### Instructions to follow:
Starting with the line below that holds "QQͼƬ20190620141948.png" and stopping after the line that holds "27考研 | 跟着宝藏刷真题——中药篇5-第25张图片-四季读书网 27考研", transcribe the lines exactly, leaving out all pictures.

### Extracted material:

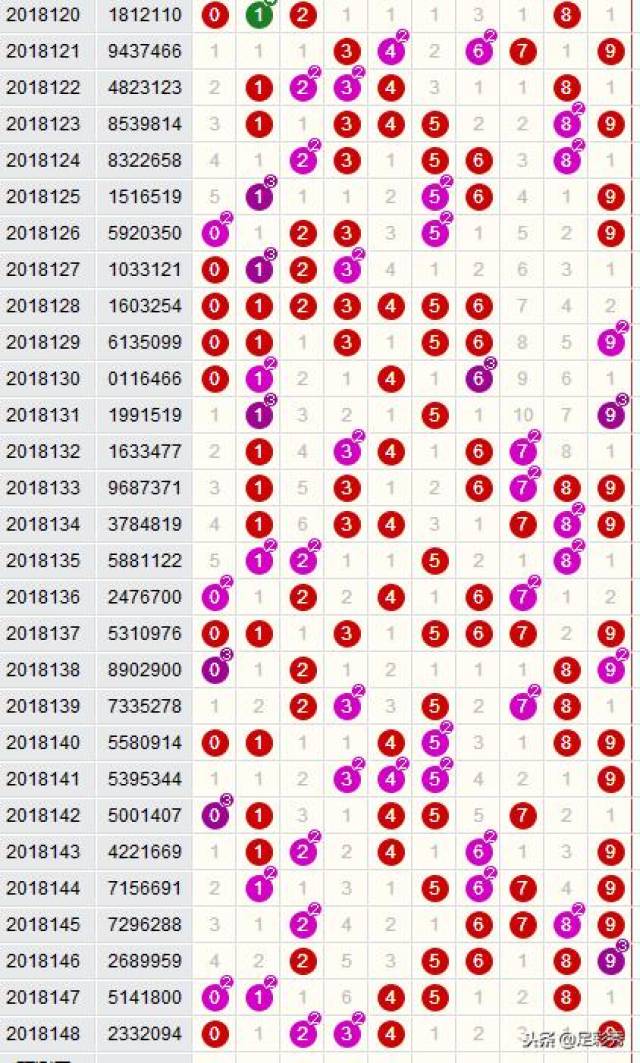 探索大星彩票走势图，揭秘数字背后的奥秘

...

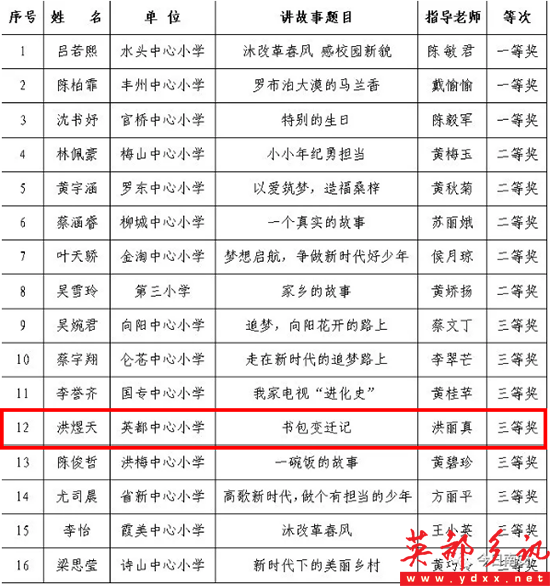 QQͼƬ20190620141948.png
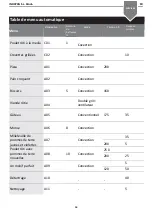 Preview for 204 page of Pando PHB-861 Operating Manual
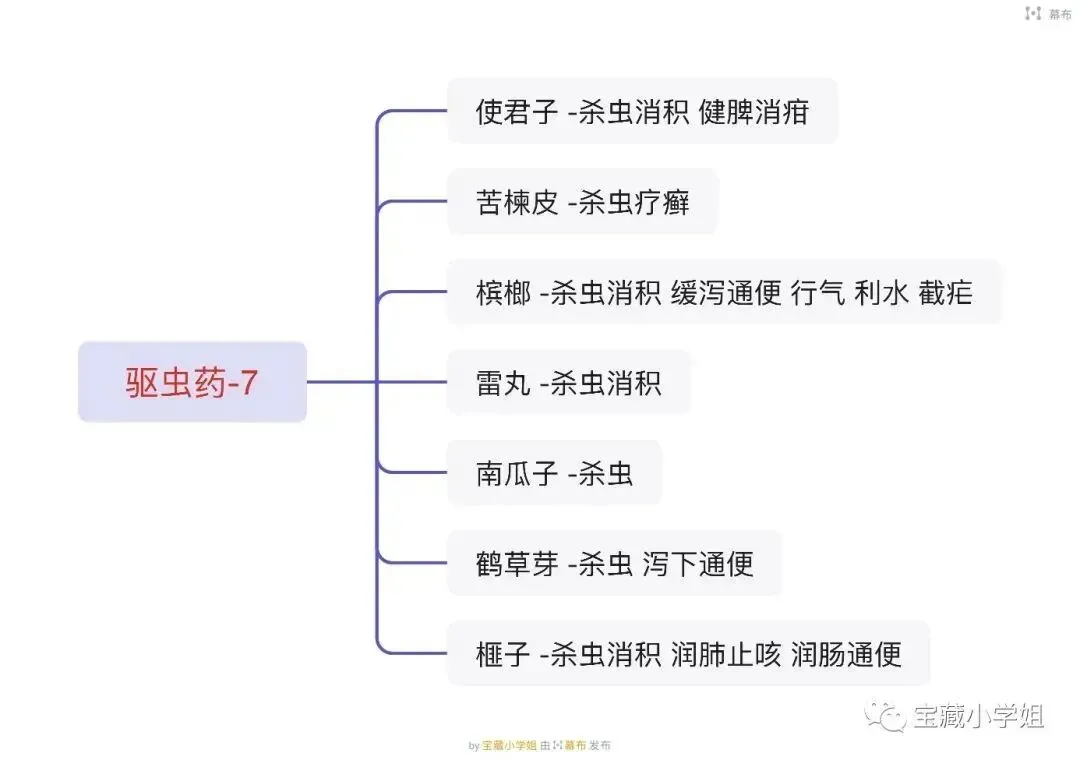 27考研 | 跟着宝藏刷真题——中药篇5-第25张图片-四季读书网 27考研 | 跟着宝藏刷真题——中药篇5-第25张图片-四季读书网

### Solution to the exercise:
 QQͼƬ20190620141948.png
 Preview for 204 page of Pando PHB-861 Operating Manual
 27考研 | 跟着宝藏刷真题——中药篇5-第25张图片-四季读书网 27考研 | 跟着宝藏刷真题——中药篇5-第25张图片-四季读书网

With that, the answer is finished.